• **DATA**
------------------------------------------------------------------------

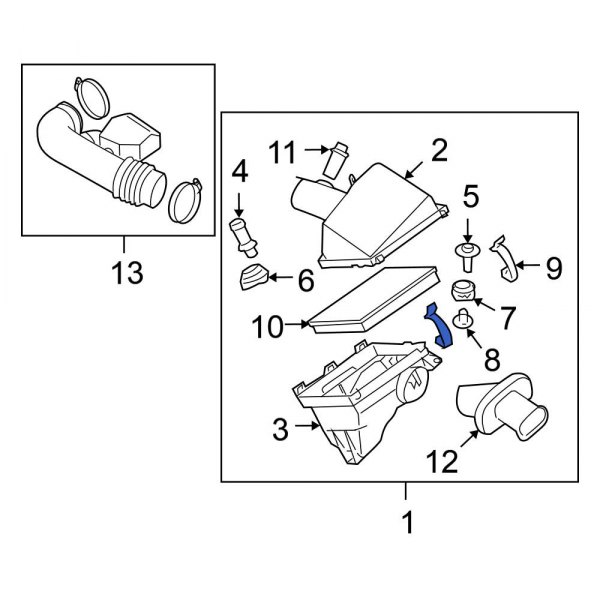 Air Filter and Housing Assembly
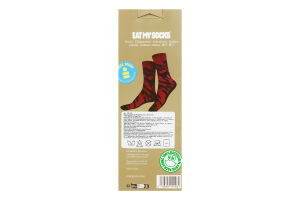 Шкарпетки Eat My Socks Wine Red 1005270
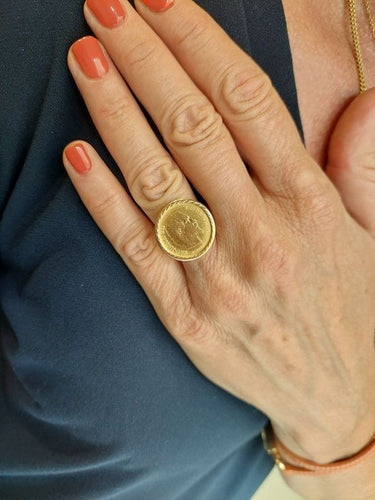 Bague BAGUE PIÈCE 10 FRANCS NAPOLEON III 58 Facettes 088951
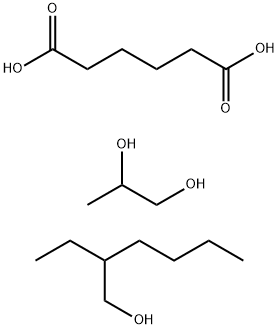 Hexanedioic acid, polymer with 1,2-propanediol, 2-ethylhexyl ester Struktur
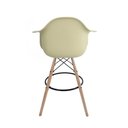 Ver imagem 4 de Banqueta Eames com Braços Fendi - Base de Madeira Natural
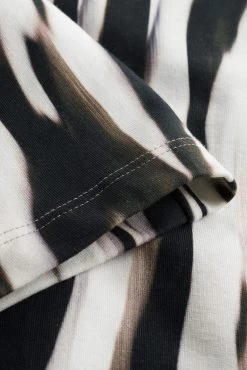 Sweathose Im Zebra-Druck Animalprint Loungehose Bio-Baumwolle/Elasthan -Pyjamas Für Zuhause 1223403 16572 5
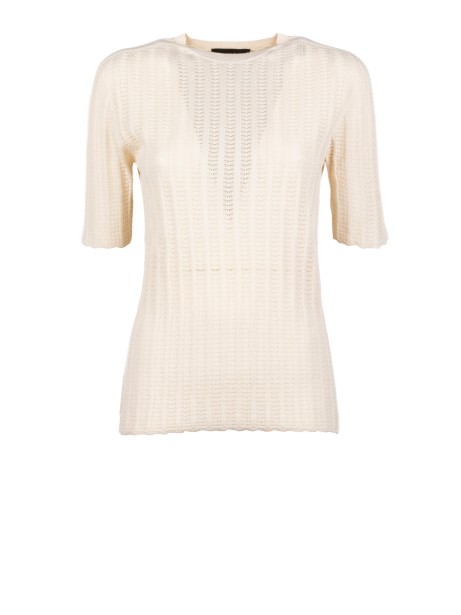 White Wool Sweater with Sequins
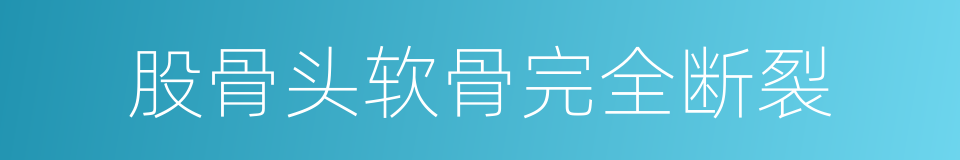 股骨头软骨完全断裂的同义词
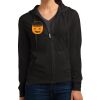 Women's Fitted Jersey Full Zip Hoodie Thumbnail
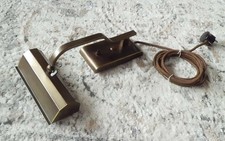 Alte Klavierlampe aus Messing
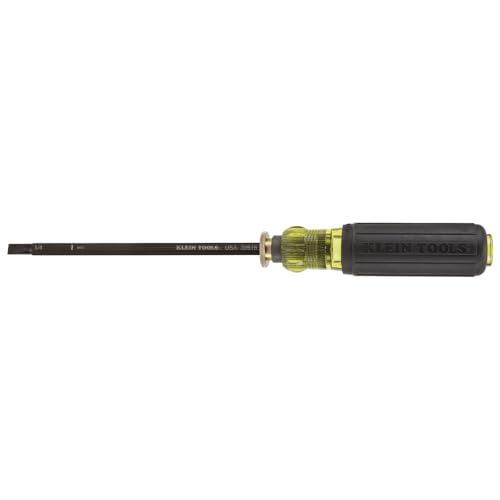 Klein Tools 32751 Screwdriver with Adjustable Length 4 to 8-Inch, Made in USA, #2 Phillips Tip and 1/4-Inch Slotted Tip by KLEIN TOOLS - Used condition - US$19.44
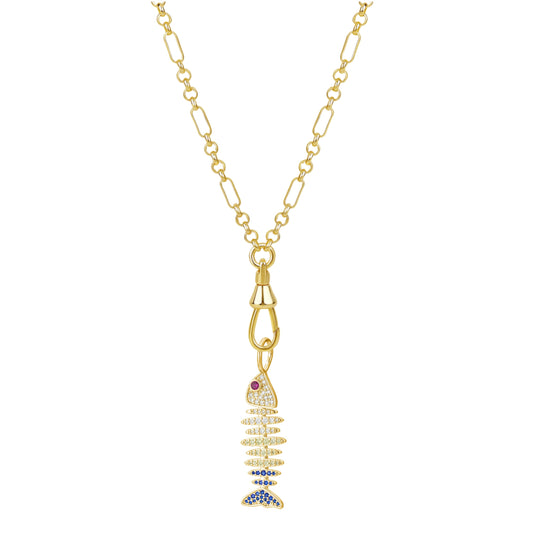 Fishbone Charm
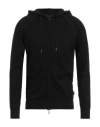 Outfit Out/fit Man Cardigan Black Size Xl Viscose, Polyamide In Black
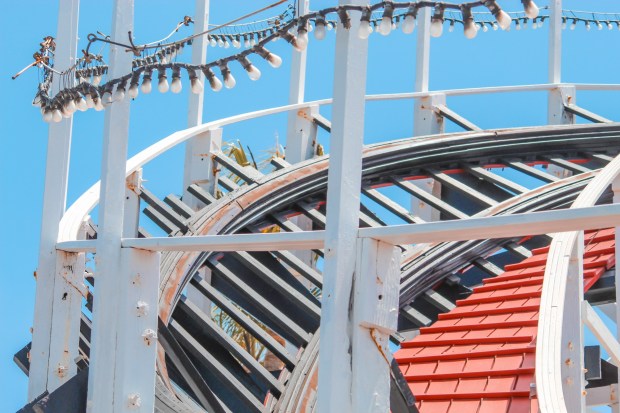 San Diego's Belmont Park underwent a $1.6 million renovation of the 1925 Giant Dipper wooden roller coaster. (Courtesy of Belmont Park)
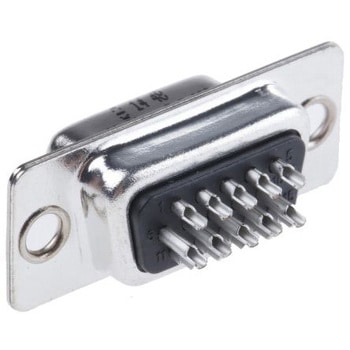D-subコネクタ (はんだ端子) Harting メス 15極 ハーティング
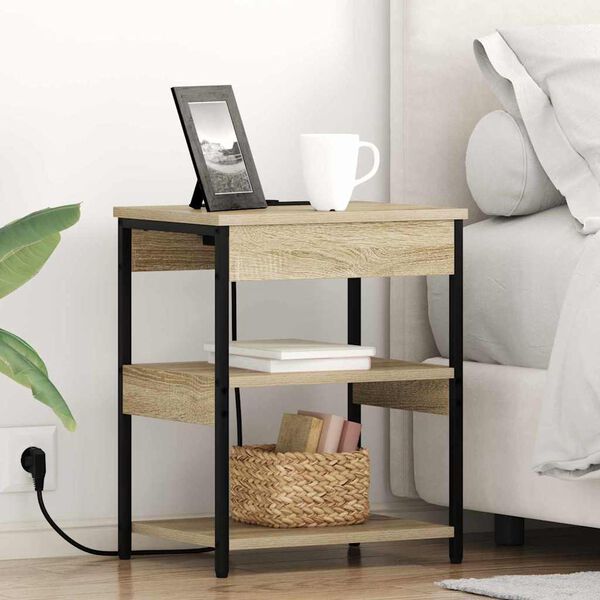 vidaXL Szafka Nocna 2 pcs Dąb Sonoma 41 x 31 x 51 cm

------------------------------------------------------------------------

• **TASK STATEMENT**
Give back exactly the lines from the opening of the listing through the line holding "Alte Klavierlampe aus Messing", both ends included, with every picture omitted.

• **ANSWER AREA**
 Air Filter and Housing Assembly
 Шкарпетки Eat My Socks Wine Red 1005270
 Bague BAGUE PIÈCE 10 FRANCS NAPOLEON III 58 Facettes 088951
 Hexanedioic acid, polymer with 1,2-propanediol, 2-ethylhexyl ester Struktur
 Ver imagem 4 de Banqueta Eames com Braços Fendi - Base de Madeira Natural
 Sweathose Im Zebra-Druck Animalprint Loungehose Bio-Baumwolle/Elasthan -Pyjamas Für Zuhause 1223403 16572 5
 White Wool Sweater with Sequins
 股骨头软骨完全断裂的同义词
 Women's Fitted Jersey Full Zip Hoodie Thumbnail
 Alte Klavierlampe aus Messing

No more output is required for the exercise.